Material shown —
● ● ● ● ● ● ●

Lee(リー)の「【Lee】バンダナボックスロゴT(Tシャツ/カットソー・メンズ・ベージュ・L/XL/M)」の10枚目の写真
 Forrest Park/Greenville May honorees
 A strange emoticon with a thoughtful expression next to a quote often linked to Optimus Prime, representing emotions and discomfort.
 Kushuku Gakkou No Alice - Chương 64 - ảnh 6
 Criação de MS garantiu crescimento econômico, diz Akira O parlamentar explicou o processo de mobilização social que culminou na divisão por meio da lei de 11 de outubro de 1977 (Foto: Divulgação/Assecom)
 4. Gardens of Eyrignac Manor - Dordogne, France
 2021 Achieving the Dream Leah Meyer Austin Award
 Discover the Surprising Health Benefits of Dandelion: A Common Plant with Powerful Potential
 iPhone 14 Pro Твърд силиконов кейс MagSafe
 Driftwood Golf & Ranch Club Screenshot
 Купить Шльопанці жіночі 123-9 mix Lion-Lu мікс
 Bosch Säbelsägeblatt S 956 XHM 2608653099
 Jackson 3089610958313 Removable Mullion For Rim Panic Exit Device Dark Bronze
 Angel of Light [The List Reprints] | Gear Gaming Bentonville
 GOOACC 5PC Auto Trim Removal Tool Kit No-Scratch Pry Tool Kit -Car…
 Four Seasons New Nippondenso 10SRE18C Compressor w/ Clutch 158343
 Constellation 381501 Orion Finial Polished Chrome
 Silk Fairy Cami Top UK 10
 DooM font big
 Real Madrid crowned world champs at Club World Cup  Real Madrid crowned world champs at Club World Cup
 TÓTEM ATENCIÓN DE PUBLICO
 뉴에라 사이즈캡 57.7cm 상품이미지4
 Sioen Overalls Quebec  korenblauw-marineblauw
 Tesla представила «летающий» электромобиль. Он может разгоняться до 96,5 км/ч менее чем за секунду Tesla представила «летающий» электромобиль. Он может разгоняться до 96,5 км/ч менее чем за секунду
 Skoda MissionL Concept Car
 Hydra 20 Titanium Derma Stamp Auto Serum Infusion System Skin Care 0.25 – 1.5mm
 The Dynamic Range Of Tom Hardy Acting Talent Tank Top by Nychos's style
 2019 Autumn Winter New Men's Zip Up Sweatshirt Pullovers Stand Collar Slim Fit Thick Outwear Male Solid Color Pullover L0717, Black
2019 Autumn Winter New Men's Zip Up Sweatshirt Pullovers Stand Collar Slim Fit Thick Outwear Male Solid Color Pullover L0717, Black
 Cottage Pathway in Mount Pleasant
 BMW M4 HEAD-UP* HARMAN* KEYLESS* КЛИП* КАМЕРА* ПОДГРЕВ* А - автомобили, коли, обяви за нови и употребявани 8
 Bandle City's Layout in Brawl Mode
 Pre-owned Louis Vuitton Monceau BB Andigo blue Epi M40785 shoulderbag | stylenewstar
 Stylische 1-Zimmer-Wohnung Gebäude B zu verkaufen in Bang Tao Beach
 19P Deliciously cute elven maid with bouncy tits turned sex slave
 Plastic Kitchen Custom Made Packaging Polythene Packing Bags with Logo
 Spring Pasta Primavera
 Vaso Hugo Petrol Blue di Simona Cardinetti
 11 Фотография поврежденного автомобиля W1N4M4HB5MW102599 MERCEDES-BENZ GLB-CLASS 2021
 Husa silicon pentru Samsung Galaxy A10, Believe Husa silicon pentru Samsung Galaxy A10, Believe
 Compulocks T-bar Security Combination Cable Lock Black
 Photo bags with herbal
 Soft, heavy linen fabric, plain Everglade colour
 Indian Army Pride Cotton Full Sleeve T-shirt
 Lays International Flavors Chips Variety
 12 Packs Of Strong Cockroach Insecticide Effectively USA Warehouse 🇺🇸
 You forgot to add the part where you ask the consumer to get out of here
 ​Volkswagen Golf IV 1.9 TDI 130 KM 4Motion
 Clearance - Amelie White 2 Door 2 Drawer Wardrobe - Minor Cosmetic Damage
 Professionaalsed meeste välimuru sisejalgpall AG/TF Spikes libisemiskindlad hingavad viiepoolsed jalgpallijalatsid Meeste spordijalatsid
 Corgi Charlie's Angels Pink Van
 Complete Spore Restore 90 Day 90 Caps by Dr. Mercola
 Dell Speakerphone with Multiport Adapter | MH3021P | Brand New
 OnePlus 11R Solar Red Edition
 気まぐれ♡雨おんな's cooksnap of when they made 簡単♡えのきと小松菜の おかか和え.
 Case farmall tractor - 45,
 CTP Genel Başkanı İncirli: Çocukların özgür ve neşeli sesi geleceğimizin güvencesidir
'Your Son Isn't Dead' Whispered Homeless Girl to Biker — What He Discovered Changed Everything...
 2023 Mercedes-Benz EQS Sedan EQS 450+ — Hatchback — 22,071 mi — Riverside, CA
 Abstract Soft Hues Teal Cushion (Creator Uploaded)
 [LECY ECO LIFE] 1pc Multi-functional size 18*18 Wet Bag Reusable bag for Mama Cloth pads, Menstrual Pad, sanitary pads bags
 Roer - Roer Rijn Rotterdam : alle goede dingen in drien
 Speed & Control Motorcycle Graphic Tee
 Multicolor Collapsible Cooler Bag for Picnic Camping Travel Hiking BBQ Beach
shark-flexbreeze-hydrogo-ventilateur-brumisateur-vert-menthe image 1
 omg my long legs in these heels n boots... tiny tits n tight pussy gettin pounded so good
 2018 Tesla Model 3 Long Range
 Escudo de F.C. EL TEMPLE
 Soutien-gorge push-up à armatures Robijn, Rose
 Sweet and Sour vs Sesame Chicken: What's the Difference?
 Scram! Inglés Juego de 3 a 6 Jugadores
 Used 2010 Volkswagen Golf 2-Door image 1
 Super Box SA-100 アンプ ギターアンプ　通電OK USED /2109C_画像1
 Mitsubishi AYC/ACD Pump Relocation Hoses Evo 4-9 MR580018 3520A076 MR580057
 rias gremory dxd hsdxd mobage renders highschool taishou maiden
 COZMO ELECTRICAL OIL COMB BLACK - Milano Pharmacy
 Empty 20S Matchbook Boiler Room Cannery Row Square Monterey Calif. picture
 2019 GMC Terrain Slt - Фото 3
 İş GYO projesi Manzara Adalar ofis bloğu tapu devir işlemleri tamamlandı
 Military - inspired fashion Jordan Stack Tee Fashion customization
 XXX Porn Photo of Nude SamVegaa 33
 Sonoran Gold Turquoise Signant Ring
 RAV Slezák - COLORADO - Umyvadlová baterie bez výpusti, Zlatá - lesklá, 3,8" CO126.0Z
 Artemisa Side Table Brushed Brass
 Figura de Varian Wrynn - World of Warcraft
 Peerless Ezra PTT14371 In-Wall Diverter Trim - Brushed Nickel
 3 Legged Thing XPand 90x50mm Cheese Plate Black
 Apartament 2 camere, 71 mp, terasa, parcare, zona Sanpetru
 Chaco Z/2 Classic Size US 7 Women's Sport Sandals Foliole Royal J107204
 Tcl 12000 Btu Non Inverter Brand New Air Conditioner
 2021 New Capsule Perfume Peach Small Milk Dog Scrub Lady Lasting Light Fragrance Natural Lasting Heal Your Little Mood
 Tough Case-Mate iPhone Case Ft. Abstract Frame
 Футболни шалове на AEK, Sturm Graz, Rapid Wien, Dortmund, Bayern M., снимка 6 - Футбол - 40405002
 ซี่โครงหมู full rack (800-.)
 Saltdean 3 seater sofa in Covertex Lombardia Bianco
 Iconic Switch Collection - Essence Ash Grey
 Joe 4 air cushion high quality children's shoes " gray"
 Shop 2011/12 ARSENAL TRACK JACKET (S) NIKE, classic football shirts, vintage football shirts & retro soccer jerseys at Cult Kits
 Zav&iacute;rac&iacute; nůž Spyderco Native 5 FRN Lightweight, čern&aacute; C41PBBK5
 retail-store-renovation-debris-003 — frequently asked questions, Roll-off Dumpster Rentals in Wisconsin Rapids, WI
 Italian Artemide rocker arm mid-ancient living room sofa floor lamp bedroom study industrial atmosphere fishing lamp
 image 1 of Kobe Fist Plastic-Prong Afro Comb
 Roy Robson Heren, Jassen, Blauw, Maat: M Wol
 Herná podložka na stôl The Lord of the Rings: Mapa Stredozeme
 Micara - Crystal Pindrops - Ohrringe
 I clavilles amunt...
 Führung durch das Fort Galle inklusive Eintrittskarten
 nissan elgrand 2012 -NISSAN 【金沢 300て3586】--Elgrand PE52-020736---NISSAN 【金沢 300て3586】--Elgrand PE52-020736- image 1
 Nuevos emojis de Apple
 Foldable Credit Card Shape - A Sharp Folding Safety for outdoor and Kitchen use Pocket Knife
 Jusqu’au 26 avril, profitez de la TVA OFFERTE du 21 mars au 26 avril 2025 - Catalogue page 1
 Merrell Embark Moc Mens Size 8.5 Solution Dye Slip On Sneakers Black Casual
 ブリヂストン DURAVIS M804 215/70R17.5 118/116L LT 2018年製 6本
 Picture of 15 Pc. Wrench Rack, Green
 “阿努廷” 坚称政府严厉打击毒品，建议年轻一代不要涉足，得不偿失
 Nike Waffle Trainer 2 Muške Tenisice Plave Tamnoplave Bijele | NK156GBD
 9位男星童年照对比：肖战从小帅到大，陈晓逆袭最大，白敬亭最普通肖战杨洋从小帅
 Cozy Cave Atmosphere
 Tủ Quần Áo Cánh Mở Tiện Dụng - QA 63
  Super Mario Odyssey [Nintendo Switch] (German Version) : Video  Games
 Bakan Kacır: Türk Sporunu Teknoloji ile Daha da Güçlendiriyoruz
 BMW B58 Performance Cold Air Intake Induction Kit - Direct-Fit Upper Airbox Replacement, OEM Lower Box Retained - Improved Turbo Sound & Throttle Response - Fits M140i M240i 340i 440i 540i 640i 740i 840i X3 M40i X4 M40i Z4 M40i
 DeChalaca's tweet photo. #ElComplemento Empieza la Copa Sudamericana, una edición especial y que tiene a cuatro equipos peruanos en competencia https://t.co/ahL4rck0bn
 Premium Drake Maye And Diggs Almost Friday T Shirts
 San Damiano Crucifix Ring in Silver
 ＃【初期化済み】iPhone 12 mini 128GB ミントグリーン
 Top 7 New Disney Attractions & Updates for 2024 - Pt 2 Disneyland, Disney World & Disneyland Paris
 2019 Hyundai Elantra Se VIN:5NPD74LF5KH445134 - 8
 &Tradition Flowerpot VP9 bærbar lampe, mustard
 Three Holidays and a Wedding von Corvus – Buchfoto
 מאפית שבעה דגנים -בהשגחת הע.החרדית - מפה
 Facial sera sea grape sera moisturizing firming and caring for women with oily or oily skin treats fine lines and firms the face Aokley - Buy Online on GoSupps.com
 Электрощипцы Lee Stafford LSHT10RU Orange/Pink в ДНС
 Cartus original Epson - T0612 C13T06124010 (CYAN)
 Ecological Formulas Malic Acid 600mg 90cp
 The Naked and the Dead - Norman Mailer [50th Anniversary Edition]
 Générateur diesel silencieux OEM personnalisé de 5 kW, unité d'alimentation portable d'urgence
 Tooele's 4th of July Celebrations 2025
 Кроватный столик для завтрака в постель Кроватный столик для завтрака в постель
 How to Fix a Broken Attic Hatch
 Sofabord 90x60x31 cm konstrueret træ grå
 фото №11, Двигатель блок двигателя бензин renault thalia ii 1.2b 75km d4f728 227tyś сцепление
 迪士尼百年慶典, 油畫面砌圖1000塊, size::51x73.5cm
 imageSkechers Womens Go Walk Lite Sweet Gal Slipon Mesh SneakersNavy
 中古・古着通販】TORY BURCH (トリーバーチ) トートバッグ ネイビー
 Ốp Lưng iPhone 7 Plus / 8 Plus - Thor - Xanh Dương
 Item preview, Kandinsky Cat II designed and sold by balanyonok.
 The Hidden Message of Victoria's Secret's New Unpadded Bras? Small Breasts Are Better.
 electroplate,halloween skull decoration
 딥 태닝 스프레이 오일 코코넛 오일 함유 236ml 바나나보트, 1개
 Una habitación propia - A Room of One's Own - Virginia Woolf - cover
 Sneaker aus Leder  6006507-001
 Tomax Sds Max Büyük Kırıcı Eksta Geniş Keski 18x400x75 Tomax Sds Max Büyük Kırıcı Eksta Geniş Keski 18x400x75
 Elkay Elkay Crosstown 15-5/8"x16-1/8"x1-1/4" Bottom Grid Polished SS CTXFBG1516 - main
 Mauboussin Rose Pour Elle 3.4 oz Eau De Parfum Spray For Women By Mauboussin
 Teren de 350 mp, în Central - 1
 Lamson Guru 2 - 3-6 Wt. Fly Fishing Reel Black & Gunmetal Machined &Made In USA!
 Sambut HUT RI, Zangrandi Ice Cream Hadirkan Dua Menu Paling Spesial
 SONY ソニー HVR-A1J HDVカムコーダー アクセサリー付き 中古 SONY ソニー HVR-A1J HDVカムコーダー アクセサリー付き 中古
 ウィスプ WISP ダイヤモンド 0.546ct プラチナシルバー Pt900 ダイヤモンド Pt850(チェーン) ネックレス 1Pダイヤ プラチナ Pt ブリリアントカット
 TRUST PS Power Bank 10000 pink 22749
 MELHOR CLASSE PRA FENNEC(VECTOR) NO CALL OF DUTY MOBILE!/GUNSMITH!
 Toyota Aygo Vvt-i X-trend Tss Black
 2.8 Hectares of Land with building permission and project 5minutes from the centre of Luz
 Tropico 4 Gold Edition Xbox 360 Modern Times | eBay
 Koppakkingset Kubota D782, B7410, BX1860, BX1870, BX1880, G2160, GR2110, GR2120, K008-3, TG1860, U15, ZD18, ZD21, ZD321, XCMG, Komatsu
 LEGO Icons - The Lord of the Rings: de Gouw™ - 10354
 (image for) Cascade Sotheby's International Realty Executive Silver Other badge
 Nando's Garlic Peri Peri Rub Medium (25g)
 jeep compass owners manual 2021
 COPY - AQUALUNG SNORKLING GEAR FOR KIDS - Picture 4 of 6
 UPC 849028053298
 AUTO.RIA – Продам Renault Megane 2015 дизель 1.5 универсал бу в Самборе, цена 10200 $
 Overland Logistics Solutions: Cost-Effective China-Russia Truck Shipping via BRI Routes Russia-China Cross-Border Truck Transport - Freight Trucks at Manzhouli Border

● ● ● ● ● ● ●

Work required —
Please give again the lines above between the line holding "omg my long" and the line holding "Tcl 12000 Btu", inclusive, exactly as they are and with nothing added.

Task result —
 omg my long legs in these heels n boots... tiny tits n tight pussy gettin pounded so good
 2018 Tesla Model 3 Long Range
 Escudo de F.C. EL TEMPLE
 Soutien-gorge push-up à armatures Robijn, Rose
 Sweet and Sour vs Sesame Chicken: What's the Difference?
 Scram! Inglés Juego de 3 a 6 Jugadores
 Used 2010 Volkswagen Golf 2-Door image 1
 Super Box SA-100 アンプ ギターアンプ　通電OK USED /2109C_画像1
 Mitsubishi AYC/ACD Pump Relocation Hoses Evo 4-9 MR580018 3520A076 MR580057
 rias gremory dxd hsdxd mobage renders highschool taishou maiden
 COZMO ELECTRICAL OIL COMB BLACK - Milano Pharmacy
 Empty 20S Matchbook Boiler Room Cannery Row Square Monterey Calif. picture
 2019 GMC Terrain Slt - Фото 3
 İş GYO projesi Manzara Adalar ofis bloğu tapu devir işlemleri tamamlandı
 Military - inspired fashion Jordan Stack Tee Fashion customization
 XXX Porn Photo of Nude SamVegaa 33
 Sonoran Gold Turquoise Signant Ring
 RAV Slezák - COLORADO - Umyvadlová baterie bez výpusti, Zlatá - lesklá, 3,8" CO126.0Z
 Artemisa Side Table Brushed Brass
 Figura de Varian Wrynn - World of Warcraft
 Peerless Ezra PTT14371 In-Wall Diverter Trim - Brushed Nickel
 3 Legged Thing XPand 90x50mm Cheese Plate Black
 Apartament 2 camere, 71 mp, terasa, parcare, zona Sanpetru
 Chaco Z/2 Classic Size US 7 Women's Sport Sandals Foliole Royal J107204
 Tcl 12000 Btu Non Inverter Brand New Air Conditioner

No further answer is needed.